The guiding principle for these committees is simple - there can be no comprehensive national reconciliation without an agreement on all committees.

Reaching agreement on all but one of the committees would mean failure of the talks.

Differences of opinion

Where the talks stand on the eve of what many factions describe as the decisive round, depends on where you sit at the negotiating table.

It is not about just solving practical disagreements. There are fundamental ideological differences that are irreconcilable, Khalil el-Heya, a Hamas politician, believes.

El-Heya is not optimistic that national reconciliation is achievable at this stage.

"The rival faction Fatah has aligned itself with the natural enemies of the Palestinian people, including the European Union, the US and Israel," he told Al Jazeera.

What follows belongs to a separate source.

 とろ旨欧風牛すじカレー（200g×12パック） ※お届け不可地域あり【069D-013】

Gaza's population is still reeling from Israel's devastating war on the territory [EPA] 
He said the talks will fail because "they want us [Hamas] to recognise Israel and accept the demands of the International Quartet", referring to the informal grouping of representatives from the US, the EU, the UN and Russia trying to end the Middle East conflict.

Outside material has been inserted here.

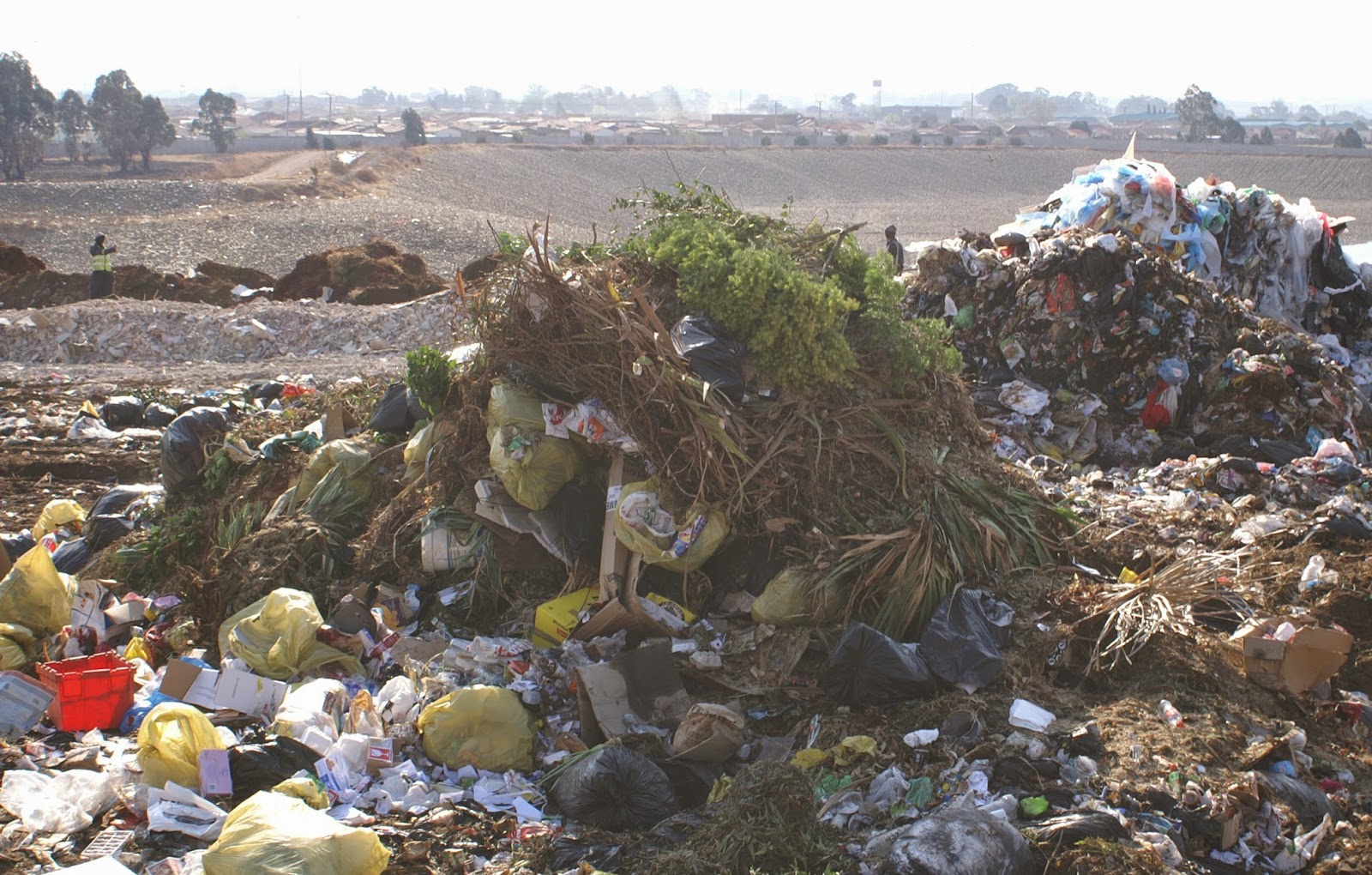 Tanzania Huge agrowaste potential is wasted Tanzania Exchange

For el-Heya, the success of the talks depends on the outside powers that have shunned Hamas and that are pushing for national reconciliation and elections.

"What guarantees do we have that if we agree to national reconciliation and decide to hold elections - and win those elections like we did three years ago - that this time the international community will recognise our right to govern?"

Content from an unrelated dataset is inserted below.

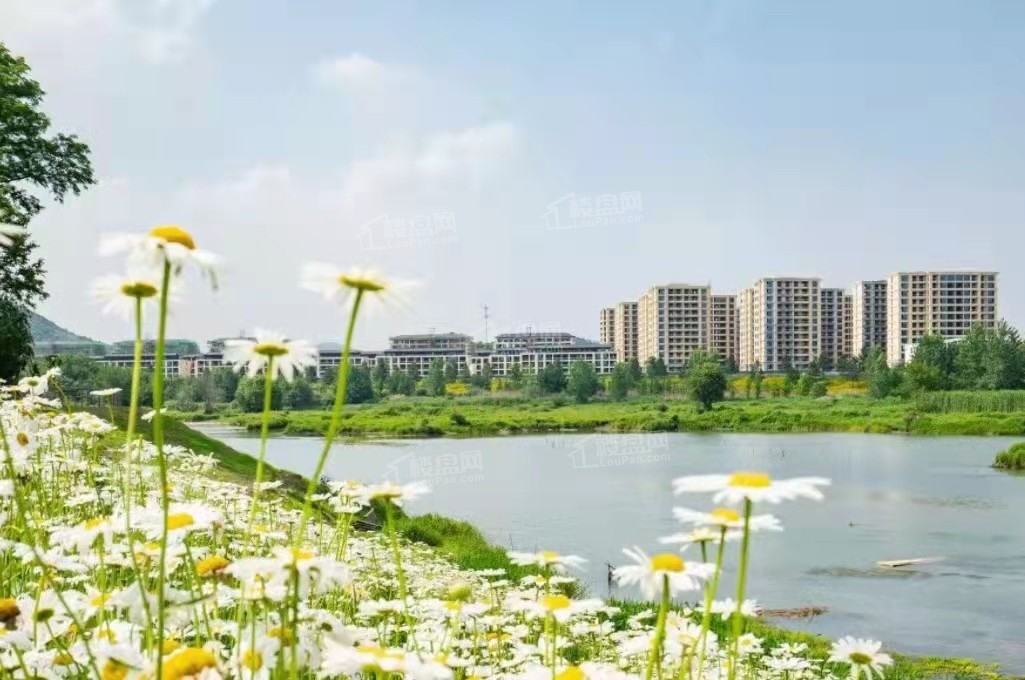 安吉绿城柳岸晓风效果图_实景图_样板间-安吉楼盘网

El-Heya believes it is a lose-lose situation for Hamas - enter into a national reconciliation agreement that calls for elections, and Hamas runs the risk of losing seats in the parliament and ultimately its legitimate claim to power.

But if it wins, it may just find itself cast aside once again by the international community, only to watch its people continue to suffer under the Israeli siege.

'Accepting and respecting'

In his first interview since the end of Israel's war on Gaza, Mohammad el-Hindi, the leader of Islamic Jihad, said the biggest difference between factions is that difference between "accepting and respecting".

Speaking from an undisclosed location in Gaza, el-Hindi told Al Jazeera: "Fatah wants a national consensus government born out of these talks to accept previous agreements signed between Israel and the PLO.

"Hamas won't accept that, but says any government will respect them."

It is an ideological difference neither is willing to concede.

"The Palestinian President Mahmoud Abbas's demand that an incoming government accept previous agreements is wrong. Respecting previous agreements is sufficient for this transitional period up until the elections," el-Hindi says.

But Marwan Abdel Hamid, a senior adviser to Abbas, disagrees.

"You can't be elected into the Palestinian Authority, and then turn around and not recognise the fundamental international agreements that created the Palestinian Authority," he said.

"A child can't turn around and deny their mother. That's what Hamas is doing by not recognising previous agreements."

All or nothing

Furthermore, deciding how to actually carry out the elections has also been contentious.

Hamas wants 50 per cent of the seats in legislative elections assigned by proportional representation, and the other 50 per cent assigned by party lists that meet a specific threshold of votes received.

In this, Hamas is the odd man out. The other factions want seats assigned by 100 per cent direct proportional representation, creating a more pluralistic body.

Hamas is concerned this will give smaller factions greater influence in the formation of governments and policies.

In the end, every committee is linked to the other. The "all or nothing" approach means the stakes could not be higher for the Palestinian people.

"If these talks fail, the reality on the ground will be set in permanently," el-Heya cautions.

"It will be impossible to carry out elections or reconciliation, and every faction will be in control of what it wants."

It will be a sad day for Palestinians, but one that many in Gaza expect is not far off.